We had a meeting of the Mercury group on Fri April 7, 2001, at 3.15pm.
Attendees:
David Jeffery (dgj)
David Overton (dmo)
Fergus Henderson (trd)
Mark Brown (dougl)
Simon Taylor (stayl)
Tyson Dowd (trd)
Zoltan Somogyi (zs)
Progress reports
We went around the table, with each person in turn discussing what
they had been working on recently and/or what they were planning
to work on.
Tyson Dowd (trd):
Has been working on misc fixes on the IL backend.
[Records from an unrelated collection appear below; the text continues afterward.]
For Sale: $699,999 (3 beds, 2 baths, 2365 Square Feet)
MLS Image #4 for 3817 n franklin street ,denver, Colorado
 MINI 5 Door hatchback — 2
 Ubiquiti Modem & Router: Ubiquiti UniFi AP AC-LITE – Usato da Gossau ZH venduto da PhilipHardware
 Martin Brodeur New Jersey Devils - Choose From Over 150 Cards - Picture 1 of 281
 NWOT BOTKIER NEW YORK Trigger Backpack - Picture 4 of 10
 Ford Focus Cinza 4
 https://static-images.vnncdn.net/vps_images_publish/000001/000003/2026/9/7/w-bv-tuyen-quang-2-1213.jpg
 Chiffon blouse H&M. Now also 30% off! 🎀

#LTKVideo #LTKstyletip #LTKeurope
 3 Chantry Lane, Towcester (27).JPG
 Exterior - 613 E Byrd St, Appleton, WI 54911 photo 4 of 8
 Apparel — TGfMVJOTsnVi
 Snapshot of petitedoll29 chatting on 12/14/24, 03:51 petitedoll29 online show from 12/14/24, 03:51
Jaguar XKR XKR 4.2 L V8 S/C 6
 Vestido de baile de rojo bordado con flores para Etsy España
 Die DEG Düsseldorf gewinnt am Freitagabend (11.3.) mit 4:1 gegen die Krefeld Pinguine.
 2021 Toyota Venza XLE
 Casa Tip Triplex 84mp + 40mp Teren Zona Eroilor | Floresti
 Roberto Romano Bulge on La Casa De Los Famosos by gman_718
Will be leaving for Europe the day after the meeting.
Mark Brown (dougl)
Has spent most of his time getting up to speed on .NET.
David Jeffery (dgj)
Has been working mostly on HAL stuff.
David Overton (dmo)
Has continued work on the constraint based mode analysis
system. It now handles iota, the classic predicate for
filling in a partially instantiated data structure.
It also handles most of the test cases in the benchmark
directory, but it has performance problems with the relatively
large number of function symbols in the main type used in the
deriv test case.
Zoltan Somogyi (zs)
Has started performance testing the deep profiler. At the
moment, turning on deep profiling slows a program does by a
factor of about 2.6, compared to about a a factor of 2.1 for
using the debug grade. The overhead is due to instrumentation
code added to the program and lost optimizations, including
tail recursion.
In an effort to reduce the overhead and account for it better,
Zoltan has refactored the instrumentation predicates, in order
to avoid redundant entries/exits to instrumentation code. Since
some of the instrumentation predicates are pragma foreign code
with determinism failure, he has also improved the code
generation for such predicates.
We also discussed ways to manage sessions of user interaction
with the deep profiling tool.
Fergus Henderson (fjh)
Finished the 0.10.1 release. Congratulations!
Simon Taylor (stayl)
Has been working on a system that allows the compiler to avoid
unnecessary recompilations. The idea is to effectively
associate a time stamp not only with each interface file,
which we already do, but with each item in interface files.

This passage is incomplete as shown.